Tak terasa sudah sekian tahun - maaf saya tidak mau menyebutkan berapa tahun saya sudah lulus - saya lulus dari SMA MTA, dan mulai menjajaki kehidupan yang sebenarnya yakni tidak di asrama tentunya.
Dahulu, semua serba tertata, semua serba dalam tatanan, paling tidak sepemahamanku. Reka-rekan terlihat begitu rapi menata kehidupannya di asrama, paling tidak sepemahamanku, semuanya serba dalam aturan dan juga penuh tatanan dan itupun sepemahamnku juga. Namun setelah lulus dan jadi bekas alumni, apakah semua sesuai dengan yang kita lihat di SMA, apakah semua masih sama, apakah kawan-kawan kita di SMA sama dengan yang dulu kita kenal.
Jawabannya tentu sama, baik untuk alumni kita atauapun alumni yang punya seabrek dan segudang title, dan pujian. Yakni selanjutnya urusan anda, semua bebas menentukan pikiran dan juga arah kehidupannya.
Kalau dahulu anda lihat teman-teman anda patuh ngaji dan taat pada aturan.
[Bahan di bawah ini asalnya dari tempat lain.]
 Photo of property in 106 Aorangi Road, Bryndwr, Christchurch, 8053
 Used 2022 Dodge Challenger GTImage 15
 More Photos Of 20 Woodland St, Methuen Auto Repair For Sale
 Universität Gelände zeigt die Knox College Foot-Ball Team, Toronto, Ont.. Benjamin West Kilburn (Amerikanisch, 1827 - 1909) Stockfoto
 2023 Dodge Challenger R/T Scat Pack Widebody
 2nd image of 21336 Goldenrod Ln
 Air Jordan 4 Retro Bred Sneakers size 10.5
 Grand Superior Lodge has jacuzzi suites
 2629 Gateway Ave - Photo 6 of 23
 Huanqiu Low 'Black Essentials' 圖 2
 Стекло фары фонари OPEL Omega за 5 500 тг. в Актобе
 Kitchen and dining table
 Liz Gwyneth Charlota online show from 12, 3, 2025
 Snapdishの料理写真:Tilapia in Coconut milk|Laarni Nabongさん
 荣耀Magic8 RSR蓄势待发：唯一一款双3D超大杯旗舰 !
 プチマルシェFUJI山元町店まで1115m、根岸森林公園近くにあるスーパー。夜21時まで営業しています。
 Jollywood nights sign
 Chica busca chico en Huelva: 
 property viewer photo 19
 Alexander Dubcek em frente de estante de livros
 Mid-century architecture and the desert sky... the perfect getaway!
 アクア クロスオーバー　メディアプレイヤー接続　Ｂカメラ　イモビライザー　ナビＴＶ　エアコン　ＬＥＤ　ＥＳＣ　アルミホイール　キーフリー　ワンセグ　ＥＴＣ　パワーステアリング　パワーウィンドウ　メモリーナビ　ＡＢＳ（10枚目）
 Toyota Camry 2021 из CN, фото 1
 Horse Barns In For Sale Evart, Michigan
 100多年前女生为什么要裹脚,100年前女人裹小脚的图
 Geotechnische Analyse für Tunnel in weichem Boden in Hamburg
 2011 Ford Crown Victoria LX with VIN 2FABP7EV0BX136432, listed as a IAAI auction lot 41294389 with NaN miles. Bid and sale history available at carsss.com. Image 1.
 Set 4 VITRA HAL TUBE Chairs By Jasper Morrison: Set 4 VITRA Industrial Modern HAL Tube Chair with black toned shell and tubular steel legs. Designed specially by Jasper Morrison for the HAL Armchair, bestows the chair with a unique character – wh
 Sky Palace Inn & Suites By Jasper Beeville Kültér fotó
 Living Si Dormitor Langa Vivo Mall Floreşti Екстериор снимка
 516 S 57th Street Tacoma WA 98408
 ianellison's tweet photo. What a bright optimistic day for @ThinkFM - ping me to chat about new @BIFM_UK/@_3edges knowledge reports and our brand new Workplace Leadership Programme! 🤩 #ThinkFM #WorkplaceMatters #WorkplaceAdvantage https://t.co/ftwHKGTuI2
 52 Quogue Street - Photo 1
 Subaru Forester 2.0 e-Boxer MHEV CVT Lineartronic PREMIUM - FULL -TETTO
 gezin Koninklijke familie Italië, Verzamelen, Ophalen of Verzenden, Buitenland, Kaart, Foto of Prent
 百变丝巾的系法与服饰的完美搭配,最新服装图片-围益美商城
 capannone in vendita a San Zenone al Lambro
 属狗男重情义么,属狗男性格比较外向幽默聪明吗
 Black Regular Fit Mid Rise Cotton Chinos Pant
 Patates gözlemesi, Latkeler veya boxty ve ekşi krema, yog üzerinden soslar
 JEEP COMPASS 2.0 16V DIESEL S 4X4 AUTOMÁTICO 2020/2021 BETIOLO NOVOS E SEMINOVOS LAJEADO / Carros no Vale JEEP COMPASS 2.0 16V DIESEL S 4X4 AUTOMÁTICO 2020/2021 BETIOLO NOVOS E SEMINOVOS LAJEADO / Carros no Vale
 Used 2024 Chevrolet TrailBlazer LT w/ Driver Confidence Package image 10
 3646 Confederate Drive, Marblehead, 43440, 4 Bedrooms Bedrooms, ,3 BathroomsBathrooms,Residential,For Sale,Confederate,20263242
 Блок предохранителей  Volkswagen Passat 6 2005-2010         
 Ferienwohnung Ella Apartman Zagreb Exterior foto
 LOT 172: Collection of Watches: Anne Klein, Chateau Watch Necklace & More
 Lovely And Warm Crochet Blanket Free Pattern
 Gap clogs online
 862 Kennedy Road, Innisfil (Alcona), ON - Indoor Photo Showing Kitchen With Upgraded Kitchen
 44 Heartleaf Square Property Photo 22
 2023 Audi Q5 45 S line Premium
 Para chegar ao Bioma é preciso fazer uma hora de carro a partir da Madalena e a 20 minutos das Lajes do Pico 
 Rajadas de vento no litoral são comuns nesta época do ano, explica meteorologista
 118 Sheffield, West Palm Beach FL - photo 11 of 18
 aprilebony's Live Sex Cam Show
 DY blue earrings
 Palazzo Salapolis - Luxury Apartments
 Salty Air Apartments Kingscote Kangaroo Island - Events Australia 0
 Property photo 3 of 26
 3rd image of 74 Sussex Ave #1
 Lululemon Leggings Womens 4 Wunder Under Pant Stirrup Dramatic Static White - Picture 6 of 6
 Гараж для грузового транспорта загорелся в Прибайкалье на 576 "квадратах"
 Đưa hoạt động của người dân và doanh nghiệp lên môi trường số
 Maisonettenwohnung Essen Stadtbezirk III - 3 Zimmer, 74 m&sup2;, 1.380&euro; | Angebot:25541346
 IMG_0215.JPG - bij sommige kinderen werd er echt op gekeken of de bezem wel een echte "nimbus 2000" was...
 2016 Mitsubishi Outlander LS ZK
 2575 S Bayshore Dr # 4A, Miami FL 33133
Itu dulu mas, mbak, sekarang mereka khan punya hak untuk menentukan kehidupan mereka sendiri,
kalau dahulu, berpakaian saja diatur baik untuk wanita dengan jilbab yang sesuai tuntunan, dan semua teratur dan taat, itu dulu mas mbak, sekarang mereka punya hak untuk menentukan kehidupan mereka sendiri.
Kalau dahulu yang namanya pacaran adalah sesuatu yang menjadi bisikan gatal dan panas di telinga, itu dulu mas,mbak,sekarang mereka punya hak untuk menentukan kehidupan mereka sendiri.
kalau dahulu, kawan anda adalah orang yang baik dan sekarang anda dengar dia sudah menjadi begal kenamaan, mas, mbak seperti yang saya bilang tadi mereka punya hak untuk menentukan kehidupan mereka sendiri.
Berarti apakah kita tidak punya kewajiban terhadap mereka?
tentu semua orang juga sudah tahu jawabannnya, karena ini adalah kalimat retoris yang semua juga sudah tahu jawabannya. Jelas kewajibanmu adalah tetap membimbingnya semampumu, sebisamu, semaksimalmu.
Kalau toh dengan itu mereka tetap jalan dengan kehidupan mereka dan pilihan mereka, ya sudah urusan tanggung pembonceng tentunya, kalau nanti kita ditanya khan kita sudah berusaha dengan maksimal tentunya. Kata boikot, dan seputar pemutusan hubungan dengan rekan kita yang sudah kita bimbing namun seperti yang saya bilang tadi, mereka sudah punya jalan sendiri.
Sebuah contoh simple, dan amat sangat simple, ada rekan alumni X dan Y yang konon katanya terlibat dalam hubungan mesum yakni pacaran yang tentu kita semua sudah paham bagaimana hukum dari pacaran itu. Hendak melangsungkan pernikahan, namun secara mendadak, apa yang terlintas di pikiran kita.
“Sudah hamil pasti”
“Tak usah datang sajalah, boikot”
Kalau toh berita pacaran itu benar, dan kalau memang benar benar benar, maka boleh jadi pernikahan itu adalah solusi untuk menghentikan cerita mesum mereka. Simple khan, sungguh simple. Apakah kita tetap menutup muka dan pikiran kita untuk memberikan saat pada kawan kita untuk bisa bertobat dari kekhilafan mereka, dengan tetap mengusung sikap keras diri kita.
* malah ngelantur sampe mana-mana ini *



Tidak ada komentar:

Posting Komentar

slm knl q aja,okey........!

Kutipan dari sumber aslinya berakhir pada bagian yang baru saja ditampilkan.